(Data excerpt)

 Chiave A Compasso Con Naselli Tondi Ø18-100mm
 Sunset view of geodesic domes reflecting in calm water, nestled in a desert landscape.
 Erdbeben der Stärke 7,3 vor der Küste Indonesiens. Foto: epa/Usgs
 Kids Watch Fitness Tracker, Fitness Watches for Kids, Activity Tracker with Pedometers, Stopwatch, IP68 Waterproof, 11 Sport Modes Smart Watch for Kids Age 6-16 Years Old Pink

(End Data excerpt)

__Task to carry out__.
For this task, copy exactly the line with "Erdbeben der Stärke" and the lines that come after it, stopping at the end of the material above.

__Output__.
 Erdbeben der Stärke 7,3 vor der Küste Indonesiens. Foto: epa/Usgs
 Kids Watch Fitness Tracker, Fitness Watches for Kids, Activity Tracker with Pedometers, Stopwatch, IP68 Waterproof, 11 Sport Modes Smart Watch for Kids Age 6-16 Years Old Pink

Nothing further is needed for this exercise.